The fellowships have a stipend, so they replace the typical graduate assistantship model by embedding the fellows in companies 20 hours a week to gain corporate experience, and some fellows do research that overlaps with their Ph.D. requirements. The key is that the fellows teach these companies how to apply biomimicry to their processes.
“They are learning how to connect their expertise to a broader range of problems and issues — and also to work with others that don’t necessarily understand or come from their own discipline,” Niewiarowski says. “When they leave, they leave behind some expertise that stays with the company.”
But a corporate setting can also teach fellows the industrial side of developing their findings.
“They’re thinking about markets, they’re thinking about design, they’re thinking about sustainability,” Niewiarowski says.

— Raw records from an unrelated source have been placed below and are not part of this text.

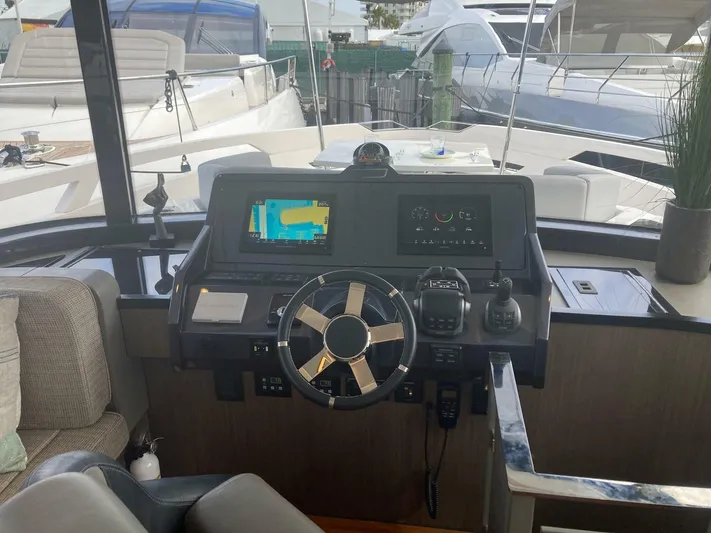 Mojo Yacht Photos Pics 2024 OKEAN 52 yacht helm with modern navigation equipment and steering wheel.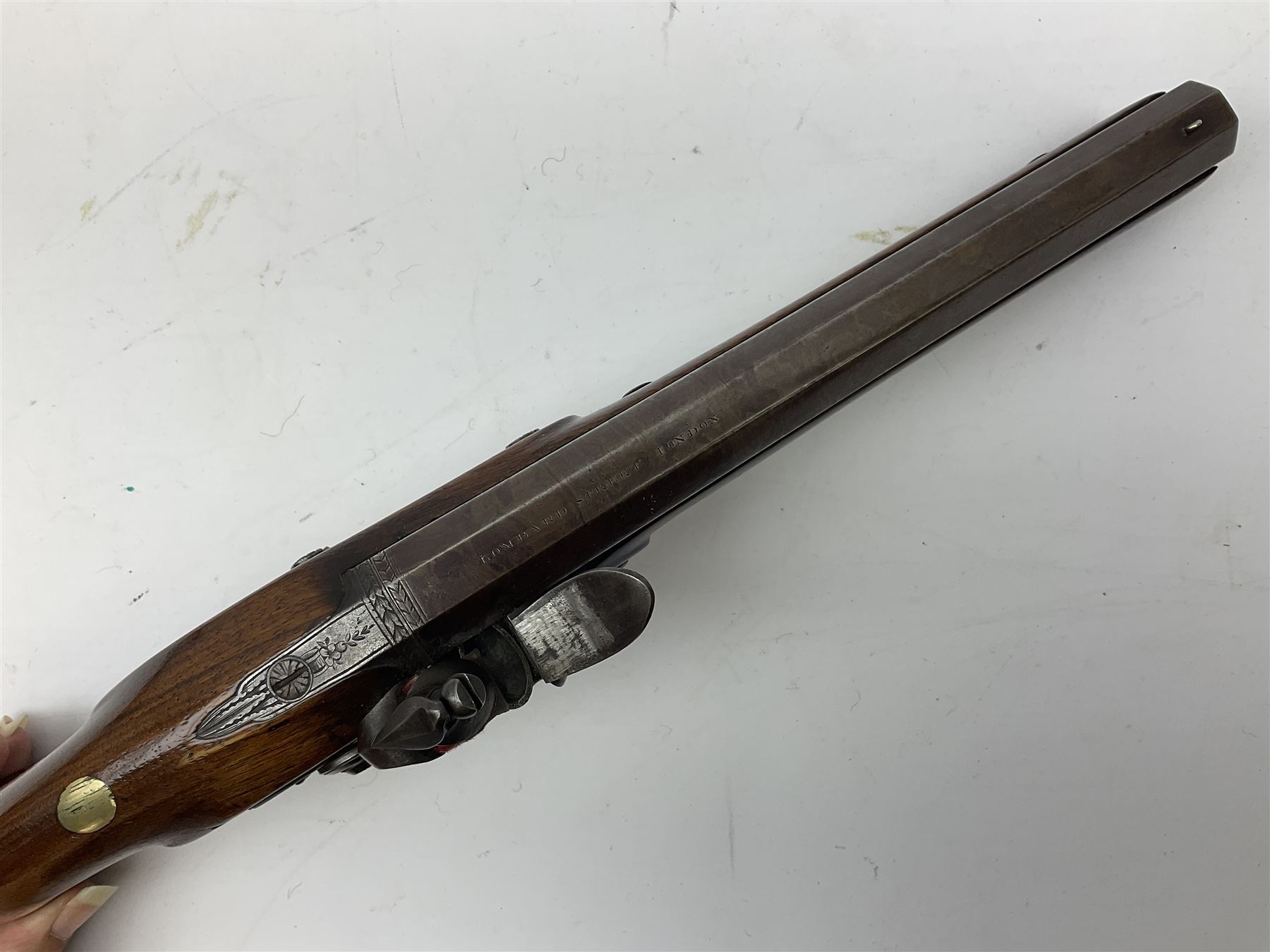 Early 19th century flintlock 16-bore overcoat/duelling pistol by William Bond Lombard Street London, the 23cm octagonal brown stub twist damascus barrel with small foresight, two barrel pins and ram rod under, inscribed Lombard Street London to the top and W. Bond to the action, full walnut stock with lightly engraved steel furniture, pineapple finial and escutcheon, half cock facility L39cm; loose mounted on later mahogany display stand with trade label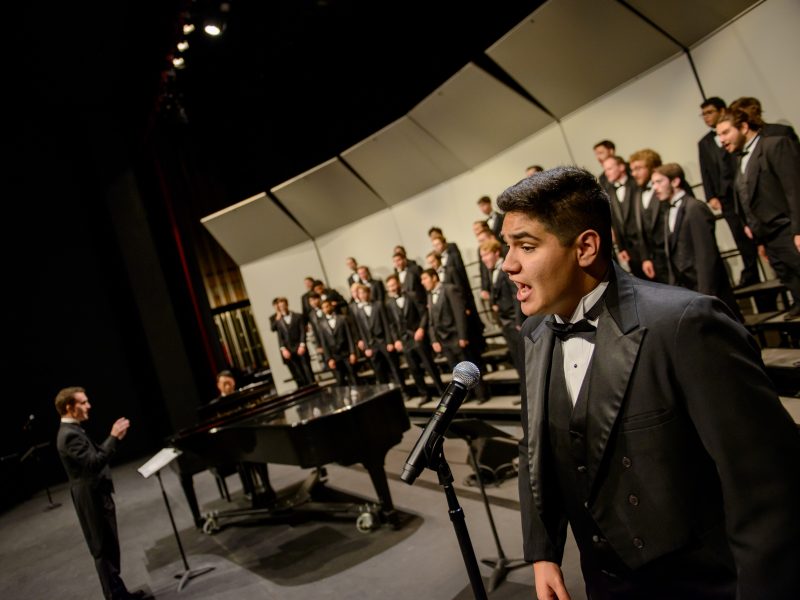 Students performing in suits on stage.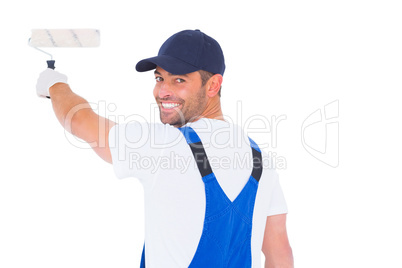 Portrait of handyman in overalls using paint roller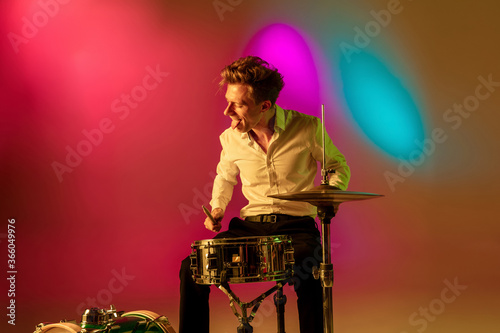 Cheerful. Young caucasian inspired and expressive musician, drummer performing on multicolored background in neon. Concept of music, hobby, festival, art. Joyful artist, colorful, bright portrait.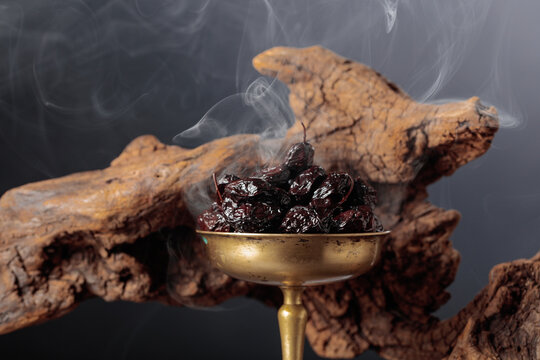 Dry cured black olives in a vintage brass bowl on a background of weathered olive tree snags.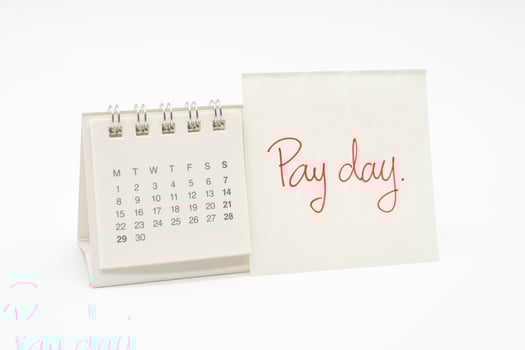 For payday concept. Desk calendar and paper note in isolated background. Business, finance, savings money, wages, payroll or accounting concept. photo
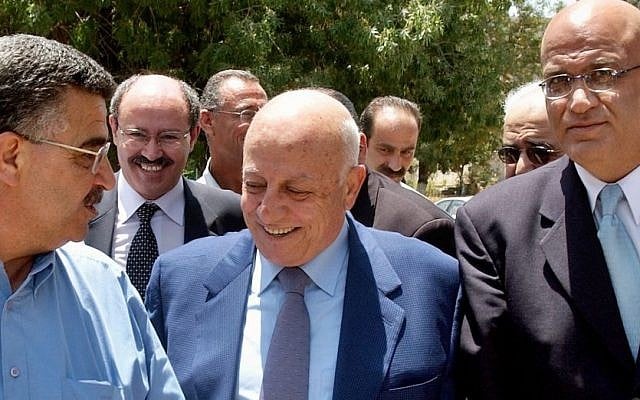 Azmi Shuaibi (left) speaks to Palestinian politicians Ahmad Qureia and Saeb Erekat in Ramallah, July 17, 2004 (photo credit: AP/Nasser Shiyoukhi)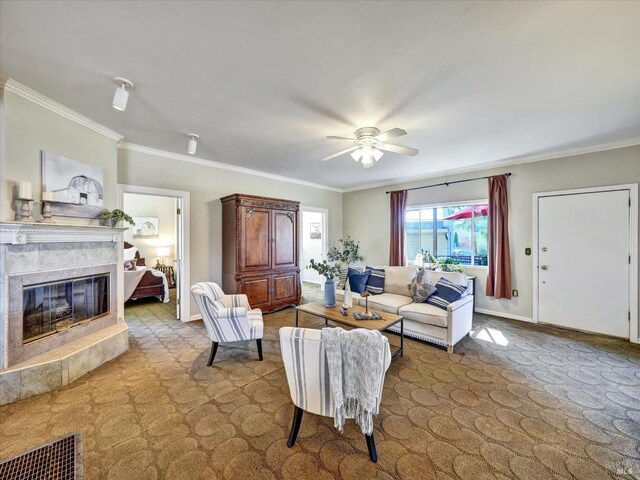living area featuring ornamental molding, a ceiling fan, visible vents, and a premium fireplace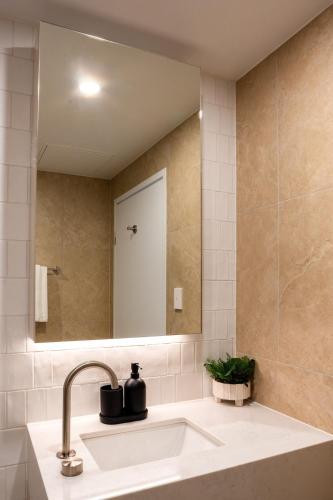 a bathroom with a sink and a mirror at Chada by Cadiz Properties - 2 Bedroom Apartment with Lakeview Pool, within CBD and Beside Commonwealth Park in Canberra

Akron leads this emerging field, with Niewiarowski estimating that about a half-dozen other universities have biomimicry programs. And that innovation is expanding. At the end of the 2018-19 school year, the center plans to announce the addition of its undergraduate certificate in biomimicry that will train students across disciplines in four main areas: engineering, design, biology and business. The center is also planning to expand its reach by offering its experts as consultants to companies on a short-term basis to provide services around technical research and biomimicry.
“What we’re trying to do is connect research to the broader world,” Niewiarowski says. “We’re trying to get across the boundary that separates universities from other organizations in our communities.”